Since most of the toxic plants irritate the G.I. tract, the observed symptoms will be the result of inflammation or irritation, like swelling, redness, or itchiness of the mouth or the skin. If the toxin affects a particular organ, the symptoms will be related to that organ. For instance:

  • Difficulty breathing (if the plant affects the airways)
  • Difficulty swallowing or drooling (if the throat, esophagus or the mouth is affected)
  • Vomiting (if the stomach is affected)
  • Diarrhea (if the colon is affected)
  • Excessive urinating and drinking (if the kidneys are impacted)
  • Slow, fast or irregular heartbeats (if the toxin affects the heart)
Immediate care

If your cat has ingested a particular plant and you are not certain as to whether it is poisonous, you can take the following preliminary measures before you take him to the vet:

  1. Remove any residual plant material from the skin and hair.
  2. If necessary, wash your cat with warm water and soft dish soap.
  3. The plant’s identity is important for deciding the appropriate course of treatment. If you do not know what kind of plant your cat ingested, bring it along with you to the vet.
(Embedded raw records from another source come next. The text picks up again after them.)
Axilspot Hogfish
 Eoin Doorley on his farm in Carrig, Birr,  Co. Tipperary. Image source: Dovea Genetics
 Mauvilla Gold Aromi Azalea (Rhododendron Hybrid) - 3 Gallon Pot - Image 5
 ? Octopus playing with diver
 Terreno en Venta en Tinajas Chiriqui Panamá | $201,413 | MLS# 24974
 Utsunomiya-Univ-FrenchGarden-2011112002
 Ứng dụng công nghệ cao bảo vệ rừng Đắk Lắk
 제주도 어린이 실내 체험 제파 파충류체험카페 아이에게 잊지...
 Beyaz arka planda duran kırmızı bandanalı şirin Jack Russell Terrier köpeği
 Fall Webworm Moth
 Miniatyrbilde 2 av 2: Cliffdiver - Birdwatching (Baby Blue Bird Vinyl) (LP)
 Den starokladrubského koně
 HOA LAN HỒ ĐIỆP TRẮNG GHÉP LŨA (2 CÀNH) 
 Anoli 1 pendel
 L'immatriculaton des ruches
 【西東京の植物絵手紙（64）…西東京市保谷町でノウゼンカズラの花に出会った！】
Vets do not have a lot of training when it comes to identifying plants. So, it is all the more important that you don’t just take a wild guess. If your cat has vomited, collect some of it and take it to the vet.
Diagnosis

The best way to diagnose is to identify the plant. Your vet will give a physical exam to your cat and order the necessary tests to determine his overall health. These tests are important, especially if the plant targets specific organs.

Treatment

Once your cat is done vomiting, your vet will give him activated charcoal to absorb the remaining toxins in the gut. He might also prescribe medication to protect the damaged areas in the stomach. Supportive care, like I.V. fluids and anti-inflammatory medication might be used as needed, especially if your cat’s G.I. tract is affected.